After reviewing these cases it is our opinion the courts in Harshman and McCoy misread the dicta in Hamlin. All Hamlin said is that an increase in value of separate property attributable to community labor by the husband is presumptively community property absent contemporaneous segregation. It did not say, as Harshman and McCoy interpret it, that any increase in value of separate property is presumptively community property, regardless of the source of the increase. Such a rule would be inconsistent with other decisions of this court.

[1] Accordingly, we hold that any increase in the value of separate property is presumed to be separate property. This presumption may be rebutted by direct and positive evidence that the increase is attributable to community funds or labors. This rule entitles each spouse to the increase in value during the marriage of his or her separately owned property, except to the extent to which the other spouse can show that the increase was attributable to *817 community contributions. Moreover, the community should be entitled to a share of the increase in value due to inflation in proportion to the value of community contributions to the property. See McCoy v. Ware, 25 Wn. App. 648, 608 P.2d 1268 (1980) (Roe, J., concurring).

In the case before us, Mr. Elam testified he thought the prenuptial improvements effectively doubled the value of the house. Using his estimate and assuming no inflation, the dollar value of the house at the time of marriage would have been $15,000. Again assuming no inflation, the value of the house after the community contributions of $5,500 was $20,500. Of the $5,500, only 50 percent or $2,750 could be considered the share of Mr. Elam. $2,750 represents 13.4 percent of the $20,500 value of the house. Subtracting the value placed on the house at dissolution $34,000 from the value of the house at marriage plus improvements $20,500 gives an increase of $13,500 which arguably could be found attributable to inflation.

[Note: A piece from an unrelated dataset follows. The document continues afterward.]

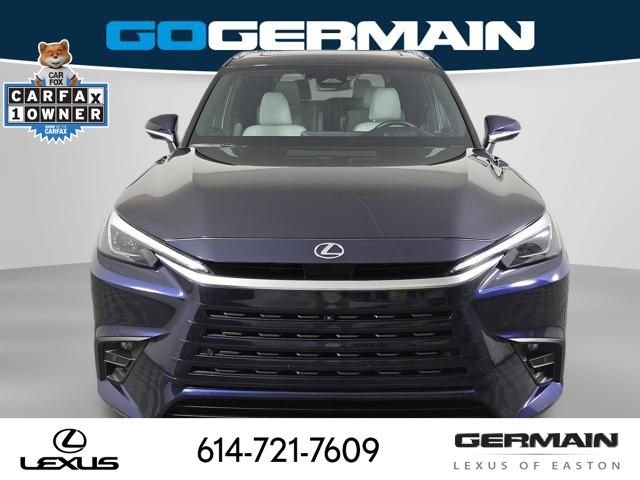 Used 2025  Lexus 350 Luxury image 2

Of this amount, 13.4 percent or $1,809 would be the pro rata share of Mr. Elam of the increase due to inflation. Adding this to his share of the contribution, $2,750, equals $4,559, which Mr. Elam had as an equitable lien against the house. The trial court awarded him $5,000.

[2] There was sufficient evidence before the court to enable it to reach this conclusion, consistent with the principles articulated in this case. Furthermore, the distribution of the property was found by the court to be fair and equitable. This finding was not objected to and thus becomes a verity. Yakima Cement Prods. Co. v. Great Am. Ins. Co., 93 Wn.2d 210, 213, 608 P.2d 254 (1980).

Affirmed.

BRACHTENBACH, C.J., and ROSELLINI, STAFFORD, UTTER, WILLIAMS, DORE, DIMMICK, and PEARSON, JJ., concur.